4. **Repeat the process for N merges.** Each merge teaches the tokenizer a new mini-word. After enough merges, common words become a single token, while rare words stay in smaller pieces.

> 📎 Analogy: Imagine compressing text by inventing shorthand. If you write "laugh out loud" many times, you eventually invent "lol". BPE does the same but automatically.

In [None]:

def get_vocab(text):
    # Split on whitespace; add </w> to mark word boundary
    words = re.findall(r"\S+", text.lower())
    vocab = collections.Counter([" ".join(list(w)) + " </w>" for w in words])
    return vocab

def get_stats(vocab):
    pairs = collections.Counter()
    for word, freq in vocab.items():
        symbols = word.split()
        for i in range(len(symbols)-1):
            pairs[(symbols[i], symbols[i+1])] += freq
    return pairs

def merge_vocab(pair, v_in):
    v_out = {}
    bigram = " ".join(pair)
    replacement = "".join(pair)
    for word, freq in v_in.items():
        new_word = word.replace(bigram, replacement)
        v_out[new_word] = v_out.get(new_word, 0) + freq
    return v_out

vocab = get_vocab(text)
print(f"Initial vocab size: {len(vocab)} (unique word spellings with char tokens)")
pairs = get_stats(vocab).most_common(10)
pairs[:5]


## Step 2: Learn merges
Now run a loop for a modest number of merges (try 50–200). After each merge:
- Print the pair you merged and its frequency to see *why* it was chosen.
- Keep a list of all merges. This is your tokenizer’s "recipe" for rebuilding tokens from characters.
- Notice how new merges create longer and longer chunks—letters → syllables → whole words.

**Reflection prompts**
- Which words quickly become single tokens? (Usually common words like "the" or names that show up repeatedly.)
- Which words stay split? (Often rare words or made-up ones like fantasy spells.)

In [None]:

num_merges = 100  # try 50, 100, 200 and compare
merges = []
for i in range(num_merges):
    pairs = get_stats(vocab)
    if not pairs: break
    best = max(pairs, key=pairs.get)
    merges.append(best)
    vocab = merge_vocab(best, vocab)

print(f"Learned {len(merges)} merges. Top 10 merges:")
print(merges[:10])


## Step 3: Tokenize new text with the learned merges
With your merge list in hand, you can tokenize any new sentence by applying the merges greedily from first to last.

**What to observe**
- Try tokenizing a sentence that was *not* in the training corpus. Do the tokens still make sense?
- Compare the number of tokens before and after training. Fewer tokens for the same sentence usually means your tokenizer captured useful chunks.
- Peek at the actual token pieces—you should see familiar letter combinations that reflect the stories you fed it.

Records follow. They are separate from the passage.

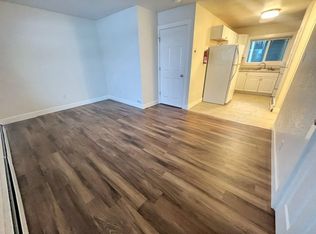 719 Bragaw St APT 4, Anchorage, AK 99508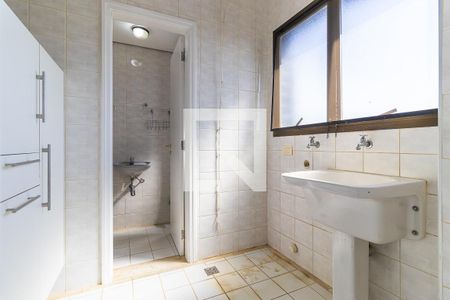 Apartamento para alugar com 142m², 3 quartos e 2 vagas Apartamento para alugar com 142m², 3 quartos e 2 vagasÁrea de serviço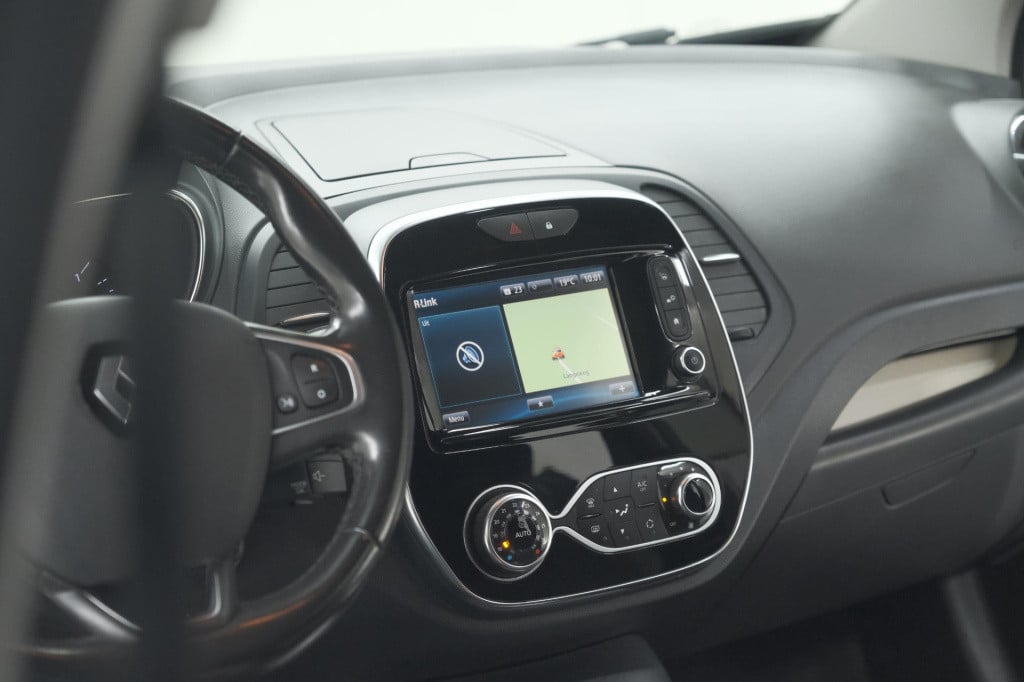 Renault Captur tce 90 intens | trekhaak | camera | navigatie | parkeersenso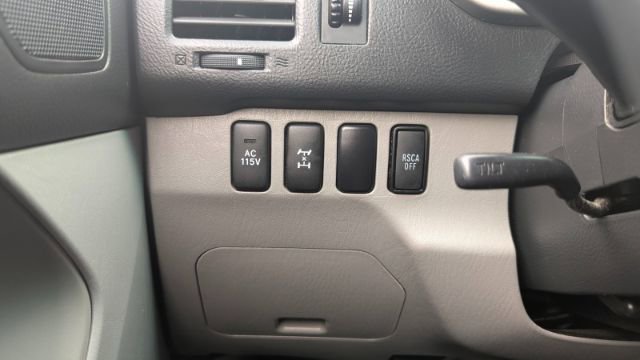 Used 2004 Toyota 4Runner Limited image 31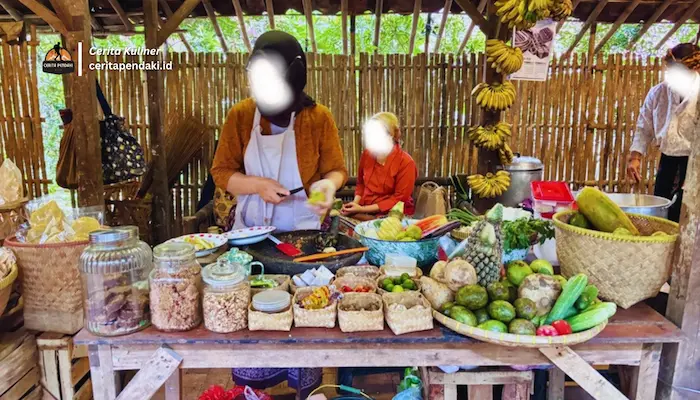 Salah satu stand saung yang menjual rujak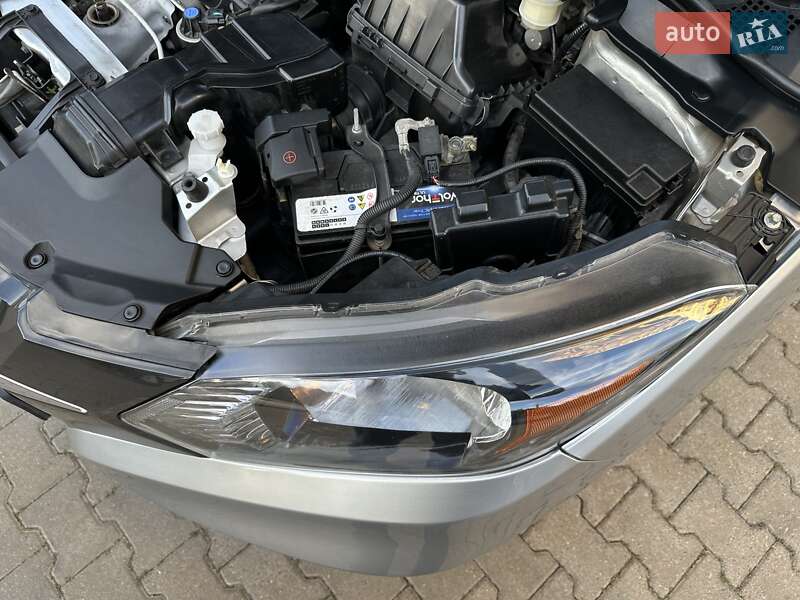 Внедорожник / Кроссовер Honda HR-V 2016 в Одессе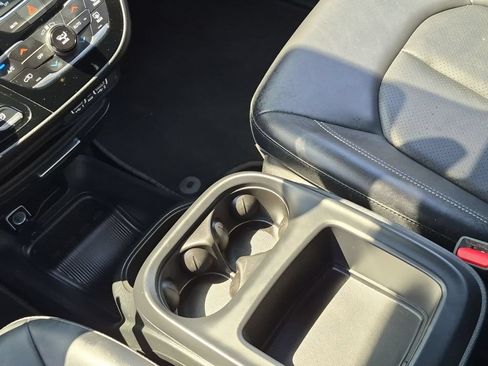 Used 2025 Chrysler Pacifica Select FWD image 24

> 🧪 Mini-experiment: Tokenize the same sentence using (1) only characters and (2) your trained merges. Count tokens both ways.

In [None]:

def tokenize(word, merges):
    # start from characters + </w>
    symbols = list(word.lower()) + ["</w>"]
    # apply merges in order
    for (a,b) in merges:
        i = 0
        while i < len(symbols)-1:
            if symbols[i] == a and symbols[i+1] == b:
                symbols[i:i+2] = [a+b]
            else:
                i += 1
    if symbols and symbols[-1] == "</w>":
        symbols = symbols[:-1]
    return symbols

samples = [
    "Dogonauts", "creeper", "astronaut", "dogs", "minecraft", "portal", "village",
    "retriever", "falcon", "rocketship"
]
for s in samples:
    print(s, "->", tokenize(s, merges))


### Challenge
- **Corpus remix:** Add lots of Minecraft vocabulary ("Redstone", "Creeper", "Netherite") to the corpus, retrain, and inspect the merge list. Do those words become single tokens?
- **Compare corpora:** Train once on a space-themed story and once on an animal-themed story. Tokenize the same sentence with both tokenizers and compare the outputs.
- **Stretch goal:** Write a function that visualizes how token counts shrink as you increase the number of merges.